O livro de Fullilove está cheio de estatísticas sobre a história do fracasso dos Estados Unidos para fornecer moradia acessível adequada para sua população. Em Newark, apenas 3.760 unidades habitacionais de baixa renda foram criadas desde 1959, ao passo que cerca de 8.000 unidades foram demolidas em nome da renovação urbana. Em Detroit, os números são mais drásticos: apenas 758 unidades foram construídas desde 1956, apesar de quase 12.000 famílias serem removidas. No Rio, as favelas servem como habitação à preços acessíveis para os moradores de baixa renda, por isso são essenciais para garantir acesso de todos à cidade. Se eles não forem preservados como tal, o Rio terá custo ainda maiores de habitação e um processo de gentrificação maior ainda do que muitas cidades americanas têm experimentado, dado a completa falta de regulação do mercado imobiliário do Rio de Janeiro (cidades dos Estados Unidos são reguladas em algum nível).
A principal crítica da renovação urbana americana é que ela abertamente e, inadvertidamente, retirou residências de áreas centrais e substituiu o traçado de ruas de pedestres para “mega quadras e mega edifícios rodeados por estacionamentos”. Apesar de algumas políticas públicas bem intencionadas para reconstruir ou modernizar bairros negros mais pobres no centro das cidades, os incentivos especulativos tomaram a prioridade para muitos governos municipais que foram convencidos a vender terras para empreiteiras privadas para aumentar a sua base de tributação. No Rio, com os Jogos Olímpicos a menos de um ano para o início, está claro que esta cidade também está em dívida com construções privadas e imobiliárias, e o tempo dirá se as autoridades irão deixar essas forças governarem o Rio ao custo das favelas e habitação acessível em geral.
Finalmente, Fullilove argumenta: “Quando toda a retórica extravagante sobre ‘a feiura’ [do lugar] é descartada, a renovação urbana americana foi uma resposta para a questão: “Os pobres estão sempre entre nós, mas nós temos que vê-los todos os dias?”. O problema abordado pelos urbanistas não era como acabar com a pobreza, mas como esconder os pobres. “Aqueles que estão sendo removidos hoje no Rio estão sendo movidos para as periferias distantes do Rio, na Zona Oeste, longe dos bairros mais ricos que são populares com turistas ou empreiteiras, e experimentam uma piora, não melhora, em sua qualidade de vida, bem como os negros americanos que foram removidos para as periferias das cidades norte americanas.

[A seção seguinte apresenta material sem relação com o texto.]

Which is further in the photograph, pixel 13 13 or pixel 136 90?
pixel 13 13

A narrativa de Fullilove sobre as falhas de renovação urbana nos Estados Unidos é detalhada, esclarecedora e impactante. Quando comparada com as injustiças atuais em favelas do Rio de Janeiro, no entanto, esta narrativa é ainda mais marcante por causa das semelhanças e avisos. Fullilove exorta-nos a ver que “uma cidade não é tão sólida quanto sólida parece, [mas] um fluido, constantemente tomando novas formas, como limpamos e construímos, limpamos e construímos”. Ela adverte que um sistema rígido, estilo apartheid, leva a uma maior aflição. Seu tratamento inclui se tornar consciente das divisões sutis que são reforçadas por políticas públicas, como raça e classe, e a construção de habitação suficiente para atender o déficit habitacional a preços acessíveis com qualidade, algo que tanto o Brasil quanto os EUA ainda não fez bem.